● **What you should do**: When you transcribe the listing that follows, keep every line exact and omit the pictures.

● **Input data**:
-*-*-

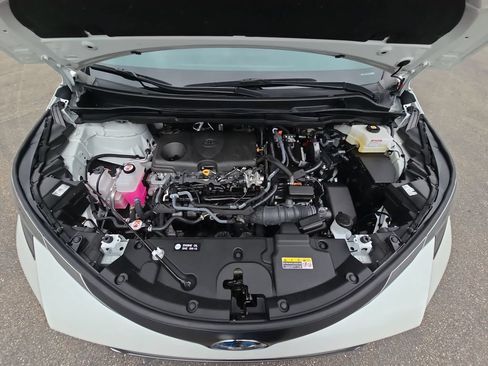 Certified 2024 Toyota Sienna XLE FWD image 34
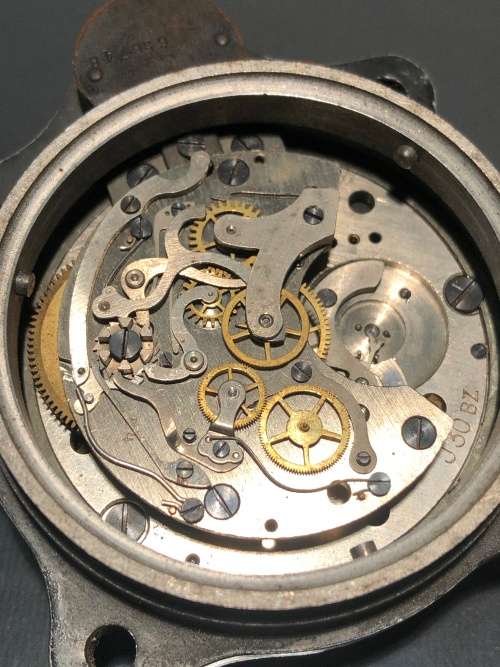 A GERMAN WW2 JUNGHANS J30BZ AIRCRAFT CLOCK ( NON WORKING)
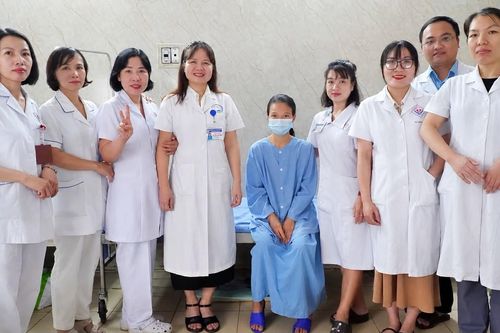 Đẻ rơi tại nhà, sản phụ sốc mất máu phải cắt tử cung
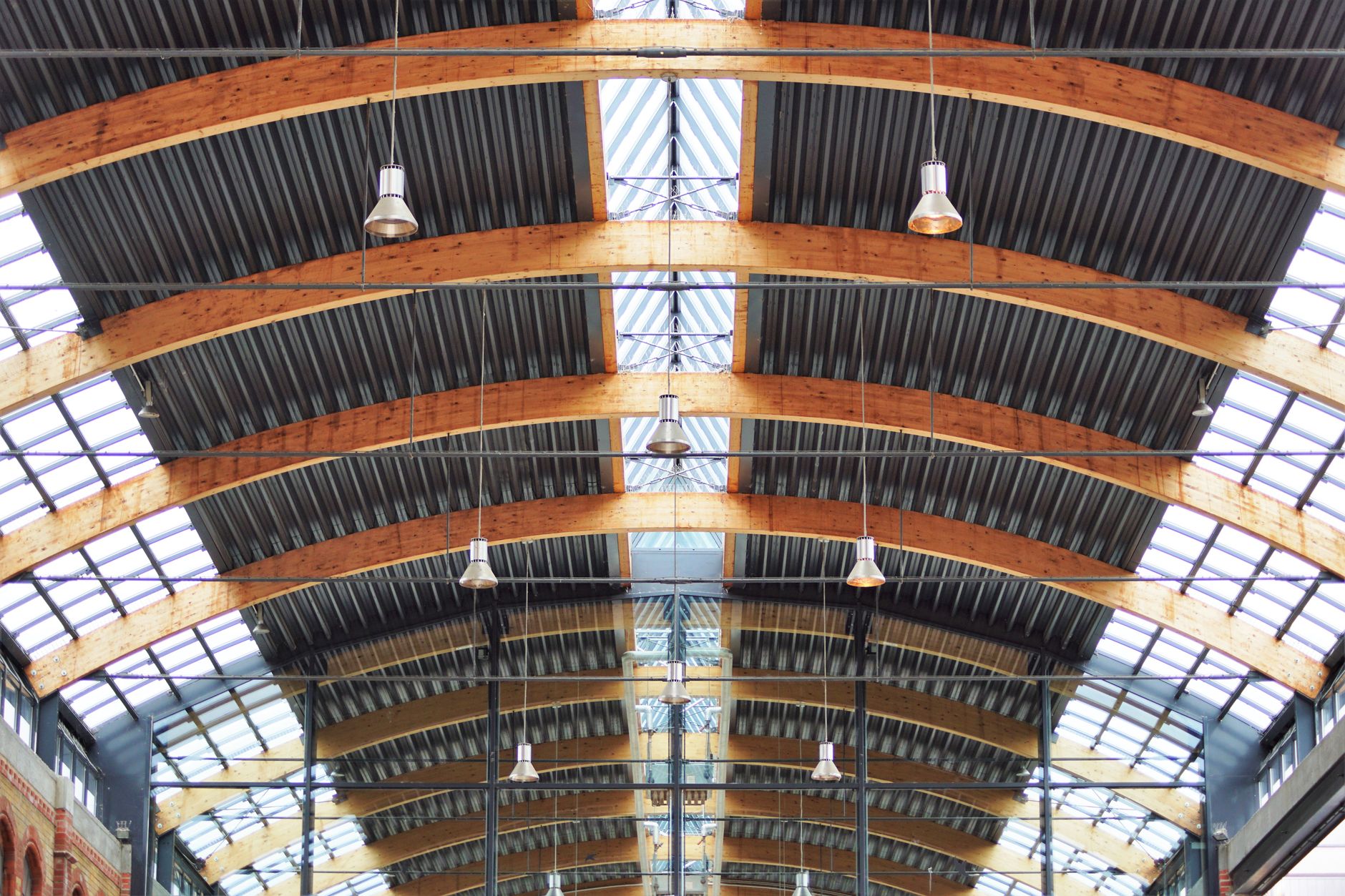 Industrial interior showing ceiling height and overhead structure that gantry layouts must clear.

-*-*-

● **Solution for this exercise**:
 Certified 2024 Toyota Sienna XLE FWD image 34
 A GERMAN WW2 JUNGHANS J30BZ AIRCRAFT CLOCK ( NON WORKING)
 Đẻ rơi tại nhà, sản phụ sốc mất máu phải cắt tử cung
 Industrial interior showing ceiling height and overhead structure that gantry layouts must clear.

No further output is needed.